Aaron Kaspar lives in Whistler and spends much of his time pedalling along alpine trails. But he is also contemplating his career options after piling up an array of accolades in his time at the Gordon Head campus.
During UVic convocation ceremonies this week, Kaspar will have the honour of hearing his name called for three top academic medals. The 23-yearold from Fort St. John will be receiving the Governor General’s Silver Medal as the top overall undergraduate, the Institute of Electrical and Electronic Engineers Victoria Section Gold Medal for software engineering and the Association of Professional Engineers and Geoscientists of B.C. Gold Medal for the top marks among graduating bachelor of engineering and bachelor of software engineering students.
Spending a summer laying low in Whistler — and scooting around on his Cannondale — will be a great way to get recharged, Kaspar said.
“It’s the first time in five years or so that I’ve actually had time off to do whatever I want. It’s been really good so far.”
The recognition has taken him by surprise, Kaspar said. “I always try to do my best in studies. I secretly hoped that something like this would happen, but I didn’t actually think that it would.”

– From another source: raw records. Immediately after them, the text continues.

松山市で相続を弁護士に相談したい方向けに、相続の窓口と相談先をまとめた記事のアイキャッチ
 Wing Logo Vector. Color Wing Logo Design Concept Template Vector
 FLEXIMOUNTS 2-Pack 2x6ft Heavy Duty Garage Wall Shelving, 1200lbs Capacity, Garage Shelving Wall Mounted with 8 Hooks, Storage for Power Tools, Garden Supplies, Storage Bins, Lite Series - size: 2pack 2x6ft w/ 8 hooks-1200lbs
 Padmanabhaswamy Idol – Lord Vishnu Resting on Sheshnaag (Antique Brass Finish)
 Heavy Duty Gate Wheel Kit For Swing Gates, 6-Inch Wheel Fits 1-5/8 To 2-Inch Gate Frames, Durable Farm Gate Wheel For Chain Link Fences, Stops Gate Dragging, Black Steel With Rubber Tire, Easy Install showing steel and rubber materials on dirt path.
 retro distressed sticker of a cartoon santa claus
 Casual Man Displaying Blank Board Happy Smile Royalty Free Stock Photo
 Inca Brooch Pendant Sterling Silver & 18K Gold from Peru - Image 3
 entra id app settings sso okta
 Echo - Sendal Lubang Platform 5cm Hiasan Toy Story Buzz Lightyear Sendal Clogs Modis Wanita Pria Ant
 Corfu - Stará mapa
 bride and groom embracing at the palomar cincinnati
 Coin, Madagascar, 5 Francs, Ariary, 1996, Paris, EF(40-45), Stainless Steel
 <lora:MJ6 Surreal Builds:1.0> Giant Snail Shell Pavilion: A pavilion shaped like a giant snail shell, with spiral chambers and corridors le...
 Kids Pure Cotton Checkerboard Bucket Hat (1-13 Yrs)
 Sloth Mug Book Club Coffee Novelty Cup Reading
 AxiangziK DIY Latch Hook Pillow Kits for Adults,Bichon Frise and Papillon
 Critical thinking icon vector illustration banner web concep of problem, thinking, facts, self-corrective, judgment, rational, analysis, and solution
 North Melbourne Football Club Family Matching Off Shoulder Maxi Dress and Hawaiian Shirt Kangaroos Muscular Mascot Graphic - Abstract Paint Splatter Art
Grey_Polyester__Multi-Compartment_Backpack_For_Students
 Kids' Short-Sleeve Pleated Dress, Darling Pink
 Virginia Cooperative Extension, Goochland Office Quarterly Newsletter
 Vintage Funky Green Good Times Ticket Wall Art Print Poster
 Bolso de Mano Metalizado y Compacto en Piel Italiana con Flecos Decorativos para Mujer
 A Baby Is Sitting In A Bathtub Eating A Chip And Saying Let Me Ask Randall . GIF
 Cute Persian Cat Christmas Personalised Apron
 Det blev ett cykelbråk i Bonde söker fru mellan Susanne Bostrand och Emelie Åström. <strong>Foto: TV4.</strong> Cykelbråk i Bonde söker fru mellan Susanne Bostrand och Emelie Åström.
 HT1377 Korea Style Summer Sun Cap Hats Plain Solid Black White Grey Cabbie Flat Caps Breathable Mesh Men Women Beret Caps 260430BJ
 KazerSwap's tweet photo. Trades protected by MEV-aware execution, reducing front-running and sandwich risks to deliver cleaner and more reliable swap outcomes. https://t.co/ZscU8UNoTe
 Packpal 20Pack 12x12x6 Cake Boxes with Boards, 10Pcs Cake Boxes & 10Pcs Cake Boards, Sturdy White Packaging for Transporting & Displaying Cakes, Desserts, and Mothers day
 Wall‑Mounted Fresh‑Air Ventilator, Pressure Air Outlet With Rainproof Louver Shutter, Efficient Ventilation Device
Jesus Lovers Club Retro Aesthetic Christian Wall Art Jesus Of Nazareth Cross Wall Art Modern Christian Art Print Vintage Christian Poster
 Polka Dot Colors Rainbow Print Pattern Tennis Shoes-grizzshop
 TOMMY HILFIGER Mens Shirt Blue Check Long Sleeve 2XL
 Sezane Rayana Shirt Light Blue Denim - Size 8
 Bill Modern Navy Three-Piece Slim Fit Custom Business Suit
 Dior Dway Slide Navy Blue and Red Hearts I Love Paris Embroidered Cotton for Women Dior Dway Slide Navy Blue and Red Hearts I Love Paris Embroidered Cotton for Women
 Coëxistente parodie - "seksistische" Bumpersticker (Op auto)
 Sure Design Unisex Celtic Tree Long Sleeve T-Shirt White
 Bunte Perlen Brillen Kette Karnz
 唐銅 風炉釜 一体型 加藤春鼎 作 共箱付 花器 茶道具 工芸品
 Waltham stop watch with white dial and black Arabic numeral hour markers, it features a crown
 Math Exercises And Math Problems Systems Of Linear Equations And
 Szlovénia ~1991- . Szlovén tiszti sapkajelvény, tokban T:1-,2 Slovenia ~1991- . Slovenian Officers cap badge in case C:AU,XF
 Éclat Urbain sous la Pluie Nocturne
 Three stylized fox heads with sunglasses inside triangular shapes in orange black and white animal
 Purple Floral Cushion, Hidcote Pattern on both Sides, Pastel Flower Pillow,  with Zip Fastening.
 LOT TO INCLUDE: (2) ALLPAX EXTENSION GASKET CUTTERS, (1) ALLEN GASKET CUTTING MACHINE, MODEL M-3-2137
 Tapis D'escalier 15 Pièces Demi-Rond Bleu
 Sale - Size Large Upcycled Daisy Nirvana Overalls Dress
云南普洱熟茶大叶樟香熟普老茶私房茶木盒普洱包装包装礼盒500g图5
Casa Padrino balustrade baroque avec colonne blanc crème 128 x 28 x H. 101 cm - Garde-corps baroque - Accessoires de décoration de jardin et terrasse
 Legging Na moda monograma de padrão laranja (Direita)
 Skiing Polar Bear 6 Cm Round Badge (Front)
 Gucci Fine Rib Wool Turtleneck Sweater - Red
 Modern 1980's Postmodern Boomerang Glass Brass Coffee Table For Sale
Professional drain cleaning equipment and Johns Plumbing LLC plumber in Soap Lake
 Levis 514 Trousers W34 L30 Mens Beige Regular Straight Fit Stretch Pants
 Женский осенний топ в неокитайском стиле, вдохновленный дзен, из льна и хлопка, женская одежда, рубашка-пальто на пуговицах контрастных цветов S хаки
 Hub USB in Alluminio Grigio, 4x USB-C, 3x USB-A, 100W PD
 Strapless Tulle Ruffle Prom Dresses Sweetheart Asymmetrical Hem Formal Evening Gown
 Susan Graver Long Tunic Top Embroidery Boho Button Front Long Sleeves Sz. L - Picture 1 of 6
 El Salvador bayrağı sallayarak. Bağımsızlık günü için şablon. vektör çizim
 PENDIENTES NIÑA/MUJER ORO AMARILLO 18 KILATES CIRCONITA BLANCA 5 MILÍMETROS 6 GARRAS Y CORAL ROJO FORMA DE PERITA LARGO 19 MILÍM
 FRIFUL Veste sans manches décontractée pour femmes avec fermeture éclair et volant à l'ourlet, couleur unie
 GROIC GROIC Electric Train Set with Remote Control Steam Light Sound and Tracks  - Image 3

The leader among graduate students is Erik Kjeang, who came to UVic from Sweden to complete a PhD in mechanical engineering. The fuel-cell specialist has earned the Governor General’s Gold Medal for the top grade-point average among graduate students and the best dissertation or thesis. Other graduates of note:
Jubilee Medal for social sciences: Adam Cota, psychology. A former member of the national rowing team, Cota is now enrolled in the Island Medical Program, looking to specialize in orthopedics.
Jubilee Medal for the humanities: Kathleen Gaudet, Italian/linguistics. A Grade 12 year spent in Italy helped create a desire to study the language for this Victoria native. She will be pursing a doctorate at the University of Toronto.
Law Society of B.C. Gold Medal: Meagen Lang. She will be clerking with the B.C. Court of Appeal this summer before taking an articling position with a Vancouver law firm in the fall.
Faculty of Education Maxwell Cameron Award, Secondary Education: Michelle Couture. Now a French-immersion teacher, Couture said it is wonderful to be receiving an award for doing what she loves.
In all, 3,111 students will be conferred with degrees, diplomas and certificates from today through Friday. They will be accommodated at eight separate convocation ceremonies in the UVic Centre’s Farquhar Auditorium.
There will also be honorary degrees presented to four people who have displayed a special commitment to public service. Eliza Chan, Ian D. Clark and Rajesh Tandon will receive honorary doctorates of law, and Dr. Donald B. Rix will receive an honorary doctorate of science.
Chan is a 1988 UVic law graduate and a past winner of the UVic Alumni Association’s Distinguished Alumni Award. Her record of public service while practising as a lawyer in Hong Kong and China has already earned her considerable recognition.
Clark is a former Rhodes Scholar for B.C. who has had a distinguished career in the federal civil service, including a position as Canada’s executive director to the International Monetary Fund.
Rix is a medical doctor and a pioneering “venture philanthropist” who founded MDS Metro Laboratory Services (now LifeLabs), while Tandon is a leader in developing measures to help grassroots agencies meet the needs of the poor in his native India and around the world.
UVic also holds a a fall convocation that is about one-third the size of the spring event.